══ DATA EXCERPT ══
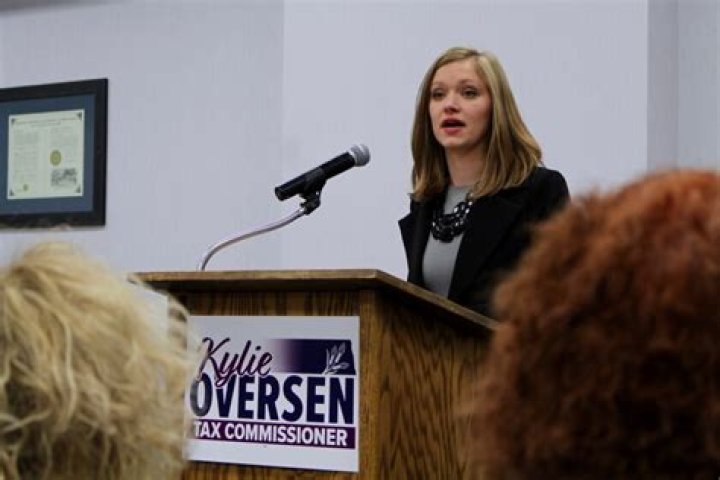Kylie Oversen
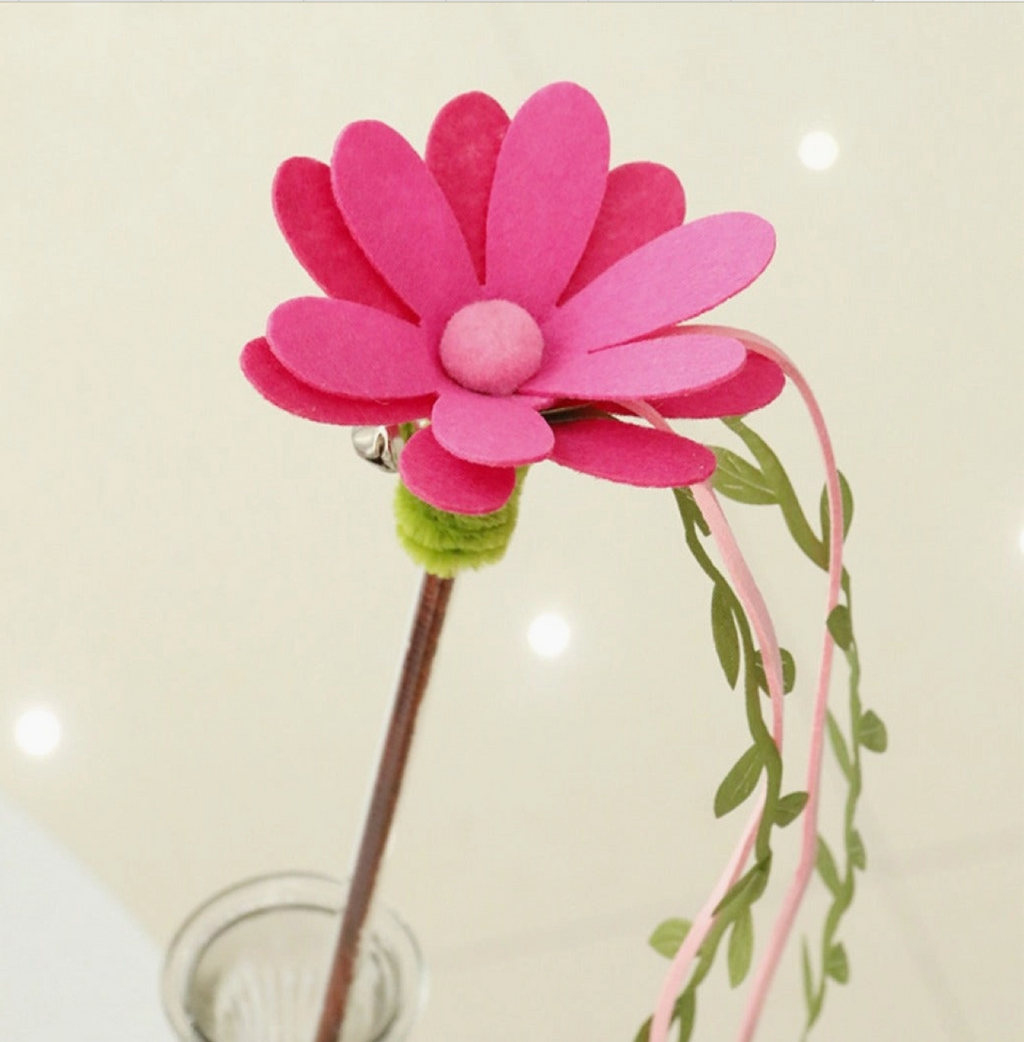 Baguette Fleur Rose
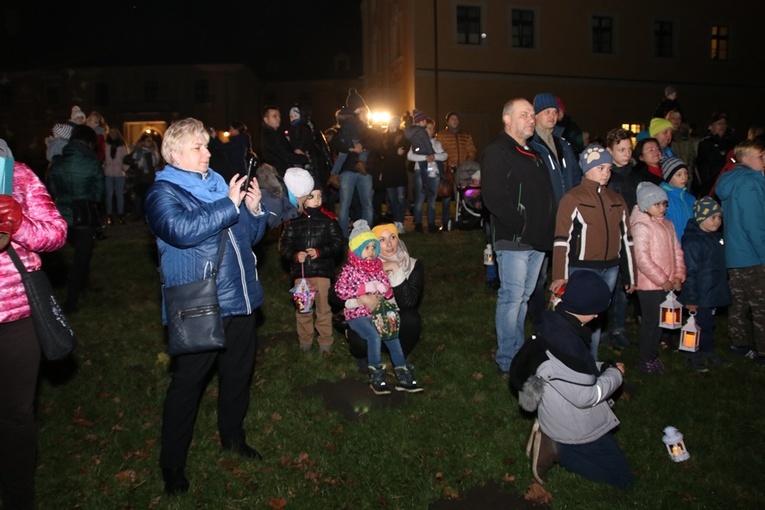 Święty Marcin w Rudach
═══
Retype the data in full. Images do not go in the copy.

■ ANSWER TO THIS TASK ■
Kylie Oversen
 Baguette Fleur Rose
 Święty Marcin w Rudach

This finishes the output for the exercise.